Eventually, DVR numbers could show support for shows overshadowed by big hits by reflecting how many viewers recorded them while watching another.

Early on, the new numbers will provide another avenue for spin in the arcane world of TV ratings interpretations. Consider this November release (complete with insider jargonindicating ratings points and audience share) that UPN sent to reporters to promote one of its sitcoms: "Everybody Hates Chris remains a force for UPN on the intensely competitive Thursday landscape, scoring dramatic double- and triple-digit year-to-year gains in the time period of 42 percent in adults 18-34 (1.7/5), 54 percent in adults 18-49 (2.0/6), 133 percent in women 18-34 (2.1/6), 130 percent in women 18-49 (2.3/6) and 18 percent in total viewers (5.2 mil), based on preliminary Nielsen ratings for Nov. 10. . . . Versus the same night last year, UPN's new comedy block scored dramatic growth in women 18-34 (70 percent, 1.7/4) and women 18-49 (70 percent, 1.7/4)."
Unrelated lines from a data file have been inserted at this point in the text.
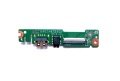 Acer Aspire A315-55 A315-55G Audio USB Port Board DA0ZAWTB8D0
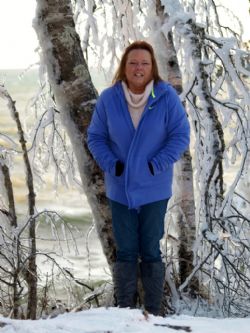 Sandra Harrington, obituary — Pace Funeral Home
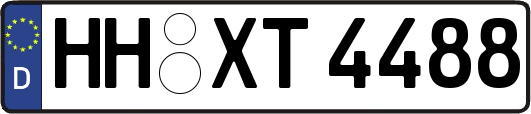 HH-XT4488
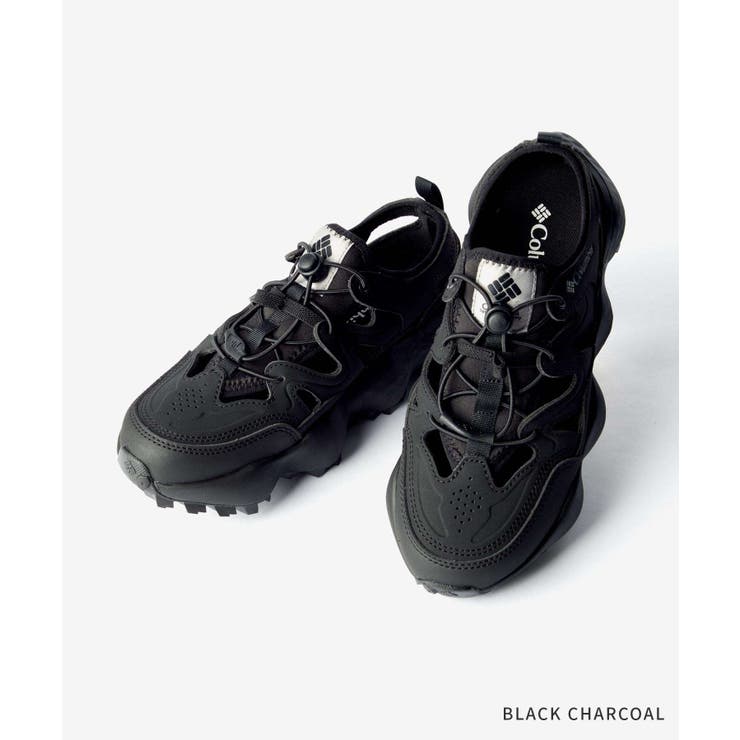 コロンビア Columbia THRIVE | U-STREAM | 詳細画像3 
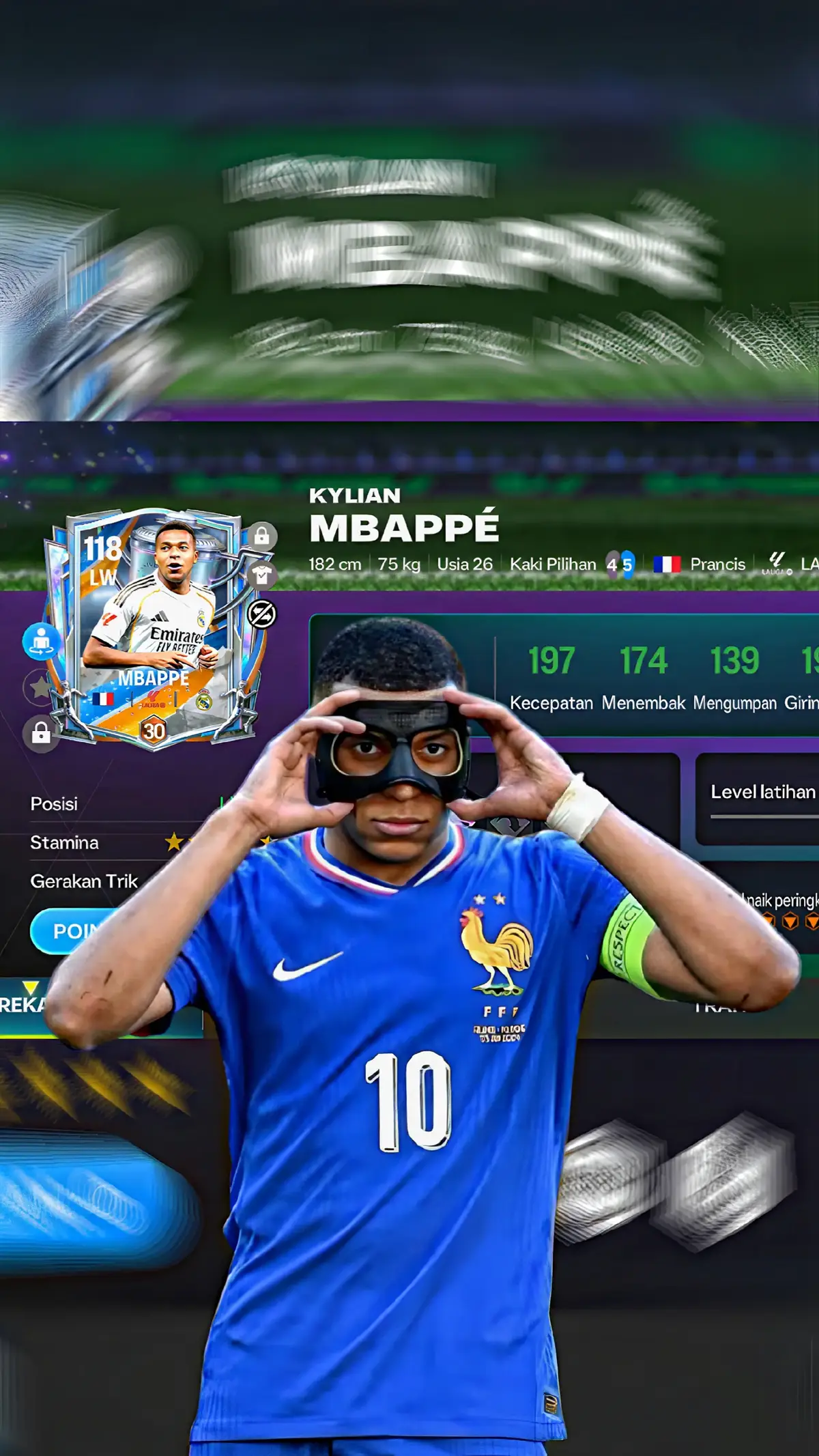 MENTAHAN CARD FC MOBILE #mentahancardfcmobile #mentahancard #jjfcmobile #fcmobile 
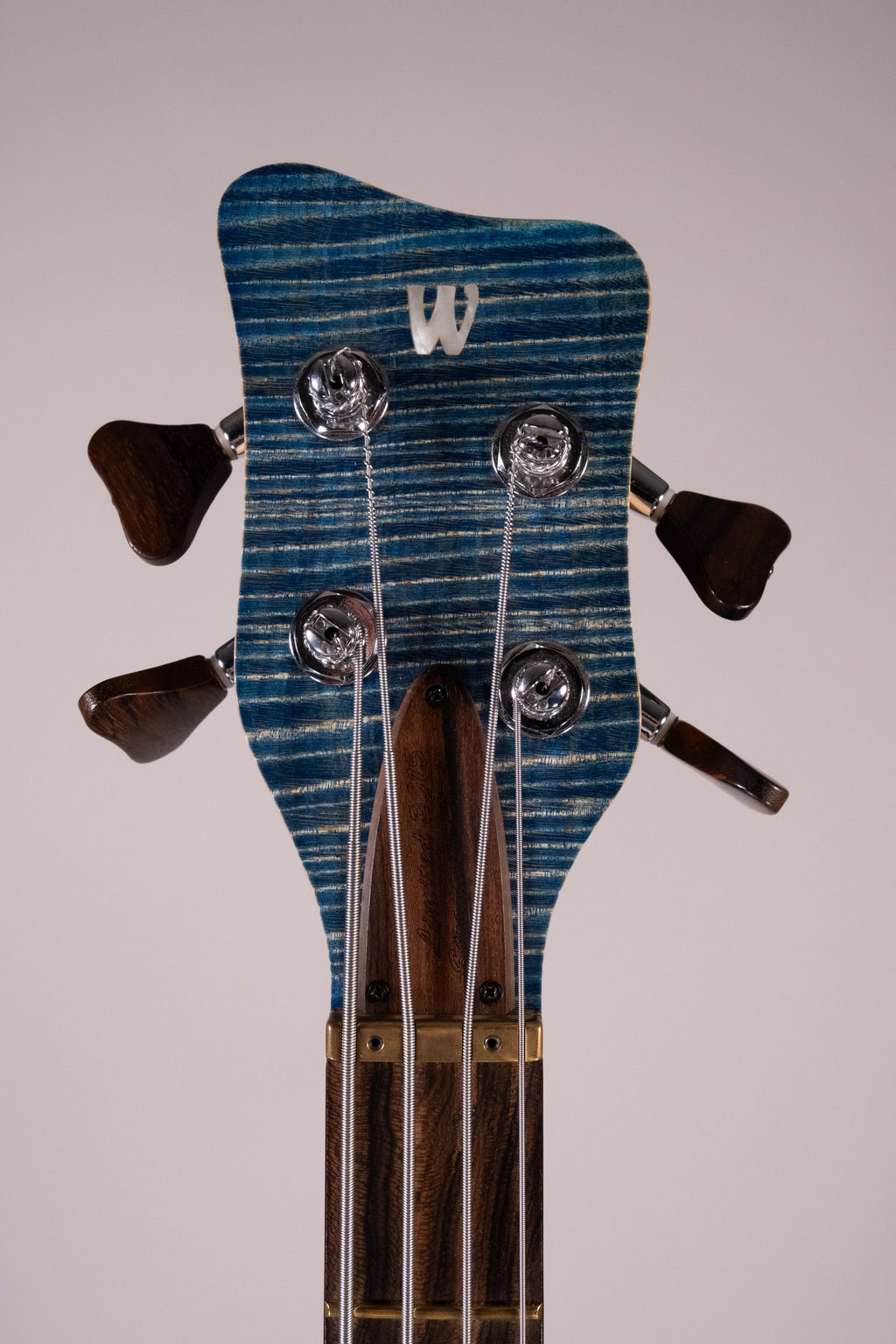 WARWICK LTD 4C USATO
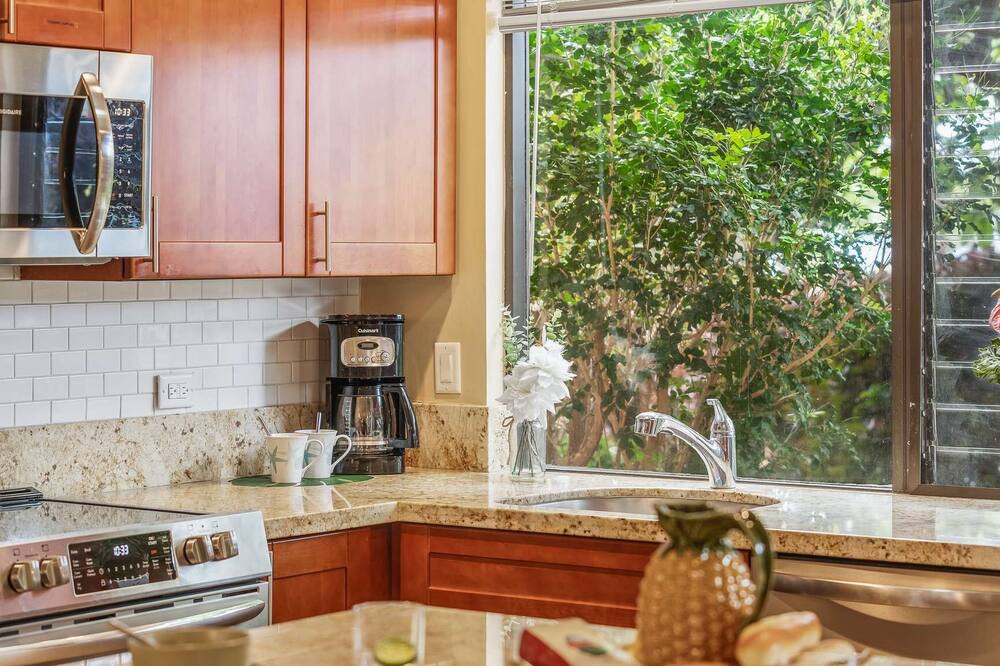 Photo of Kitchen in Wailea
Sounds great. Except Chris is ranked 91st out of 136 prime time shows on network TV.

McDonough said that charting DVR viewership, and eventually on-demand downloads, is a product of the times and another tool for people who provide programming and who use those programs to pitch products to consumers.

"Nielsen must constantly be ahead of the curve," she said. "In order to know what people are watching, we have to know how they are watching it."